_Brief descriptive captions_:

_ _ _ _

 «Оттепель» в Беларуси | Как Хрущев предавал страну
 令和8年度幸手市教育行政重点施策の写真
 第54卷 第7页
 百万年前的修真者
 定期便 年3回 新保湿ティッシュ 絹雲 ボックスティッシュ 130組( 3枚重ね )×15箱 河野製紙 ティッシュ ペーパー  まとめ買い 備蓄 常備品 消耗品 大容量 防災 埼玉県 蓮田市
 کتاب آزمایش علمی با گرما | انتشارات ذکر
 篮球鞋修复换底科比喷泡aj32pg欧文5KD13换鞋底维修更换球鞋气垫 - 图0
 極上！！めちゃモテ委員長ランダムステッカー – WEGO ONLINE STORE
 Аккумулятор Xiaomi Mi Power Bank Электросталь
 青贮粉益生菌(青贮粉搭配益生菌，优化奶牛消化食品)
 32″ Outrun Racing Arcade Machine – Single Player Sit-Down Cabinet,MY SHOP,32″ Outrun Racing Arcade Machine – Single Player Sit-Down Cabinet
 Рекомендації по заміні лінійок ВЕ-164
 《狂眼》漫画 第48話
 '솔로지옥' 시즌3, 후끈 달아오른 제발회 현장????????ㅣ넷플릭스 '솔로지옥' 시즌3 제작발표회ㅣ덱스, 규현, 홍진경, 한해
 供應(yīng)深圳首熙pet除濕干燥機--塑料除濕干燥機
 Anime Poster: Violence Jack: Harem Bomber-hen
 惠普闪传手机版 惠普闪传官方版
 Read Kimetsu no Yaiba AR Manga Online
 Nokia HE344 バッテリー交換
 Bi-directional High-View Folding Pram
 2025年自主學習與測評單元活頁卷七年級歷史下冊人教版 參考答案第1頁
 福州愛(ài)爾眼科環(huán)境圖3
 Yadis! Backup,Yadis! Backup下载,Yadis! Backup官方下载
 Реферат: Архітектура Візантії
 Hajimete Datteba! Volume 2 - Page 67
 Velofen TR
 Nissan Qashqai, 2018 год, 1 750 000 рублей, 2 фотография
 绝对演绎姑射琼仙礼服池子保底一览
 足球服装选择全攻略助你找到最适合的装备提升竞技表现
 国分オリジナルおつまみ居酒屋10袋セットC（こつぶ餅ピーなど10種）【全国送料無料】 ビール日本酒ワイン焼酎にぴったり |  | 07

_ _ _ _

Return precisely the lines of the records, starting with the line that holds "足球服装选择全攻略助你找到最适合的装备提升竞技表现" and ending with the last one.

_Reply_:
 足球服装选择全攻略助你找到最适合的装备提升竞技表现
 国分オリジナルおつまみ居酒屋10袋セットC（こつぶ餅ピーなど10種）【全国送料無料】 ビール日本酒ワイン焼酎にぴったり |  | 07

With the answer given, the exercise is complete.